From an outdated gender assumption, for the future of running.
In 1984, Joan Benoit Samuelson became the first woman to win a gold medal in an Olympic marathon. The impact of this run was a turning point for women in sports, but decades later, women are still being kept on the sidelines.
Born with spina bifida, 33-year-old Tatyana McFadden was told she could never compete. She’s now a 20-time Paralympian Games Champion and 24-time marathon winner, recently winning the 2021 Chicago Marathon.
In 2019, Caster Semenya was sidelined for her testosterone levels. She is a three-time 800-meter World Champion and continues to compete in global events.

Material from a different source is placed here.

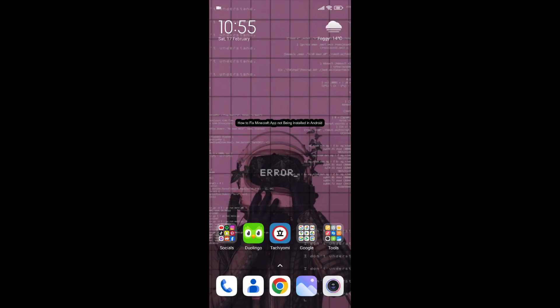Hello guys, welcome back to our channel Maple Gaming. Today in this video, I'm going to teach you how to fix Minecraft app not being installed in Android.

Yulimar Rojas grew up in a large, humble family in Venezuela without training facilities. She won Olympic gold in the 2020 Games and currently holds the women’s triple jump world record.
Enough: A social film.
To tell Joan’s barrier-breaking story and to showcase the collective journey of women against gender assumptions, Nike created a 60-second film.
With Joan as the spokesperson, the film moves from her epic win over forty years ago to today, looking toward all the finish lines we have yet to reach. It highlights the barriers Joan and all women faced in the world of distance running and the obstacles female athletes like Tatyana McFadden, Yulimar Rojas and Caster Semenya are up against today.

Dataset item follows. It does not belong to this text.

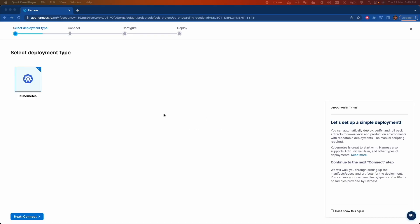After signing up successfully, you will see the CD onboarding page. It takes only four steps to run your very first deployment pipeline. The first step is to select Deployment Type, where we have Kubernetes.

The film was captured and edited to look like it’s one continuous race, to empathise that women everywhere are still running the race Joan Benoit Samuelson laid the foundation for.
Nike inspired runners and continued Joan’s legacy through the Breaking Barriers Challenge on the Nike Run Club app.
Runners from around the world were invited to join Joan in breaking their own barriers and to work together toward a collective distance goal of 500,000 km in seven days. In less than two days, NRC runners crushed that goal. The final count: 2,402,995 km.